Input data:

*-*-*

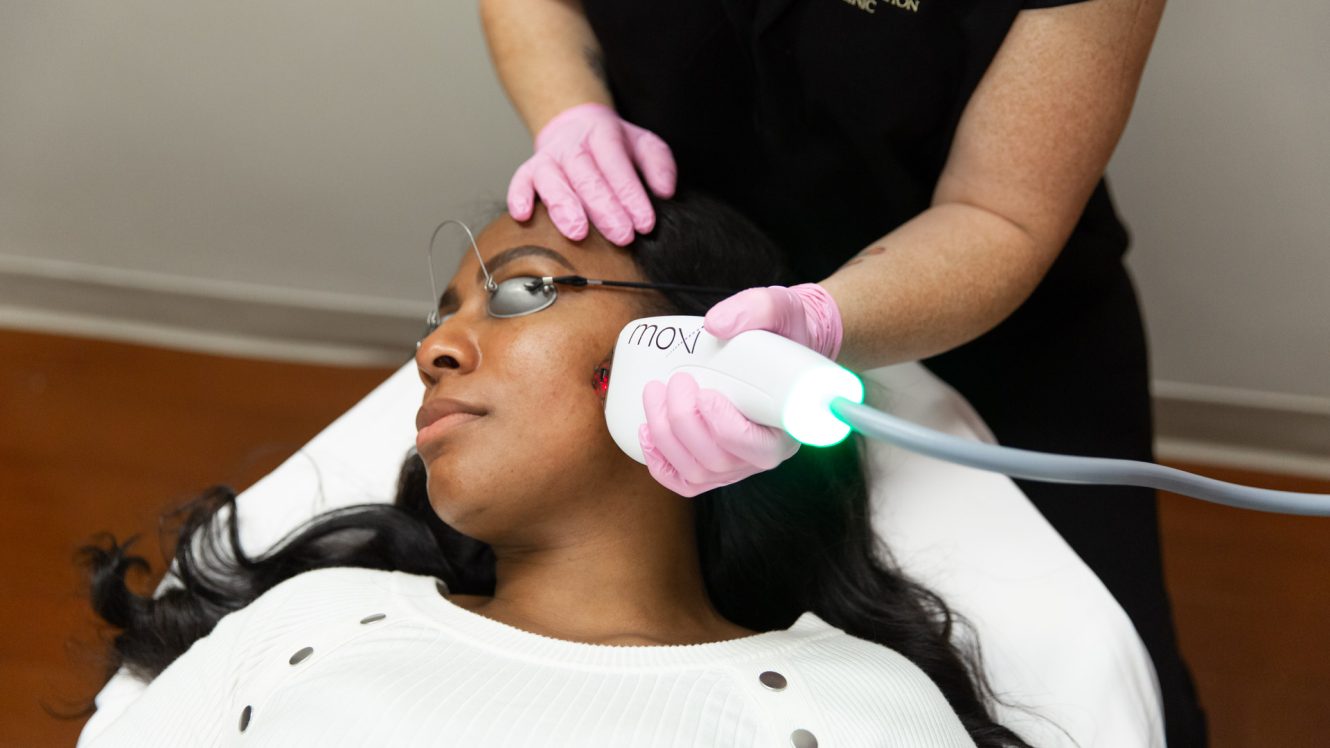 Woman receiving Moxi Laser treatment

*-*-*

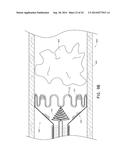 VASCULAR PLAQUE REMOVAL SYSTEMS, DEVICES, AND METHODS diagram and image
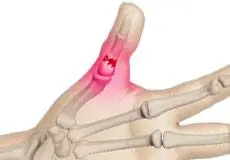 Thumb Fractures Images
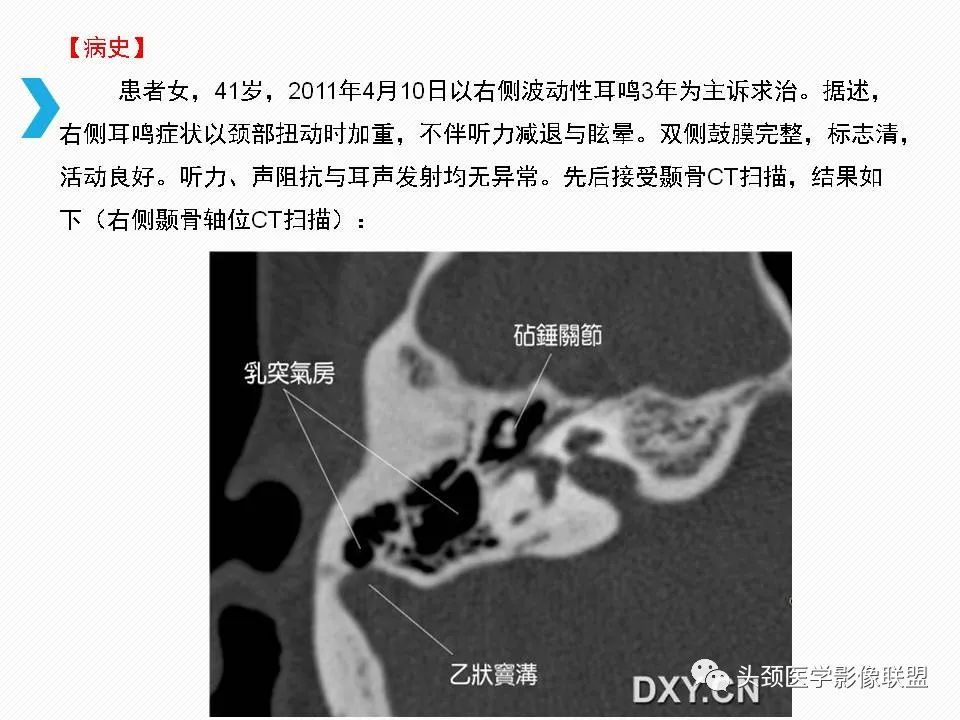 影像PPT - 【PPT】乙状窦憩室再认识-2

*-*-*

Exercise brief:
Leave out every picture, and copy exactly the lines above starting at the one holding "VASCULAR PLAQUE REMOVAL" and ending at the one holding "影像PPT - 【PPT】乙状窦憩室再认识-2", no more and no less.

Answer to this problem:
 VASCULAR PLAQUE REMOVAL SYSTEMS, DEVICES, AND METHODS diagram and image
 Thumb Fractures Images
 影像PPT - 【PPT】乙状窦憩室再认识-2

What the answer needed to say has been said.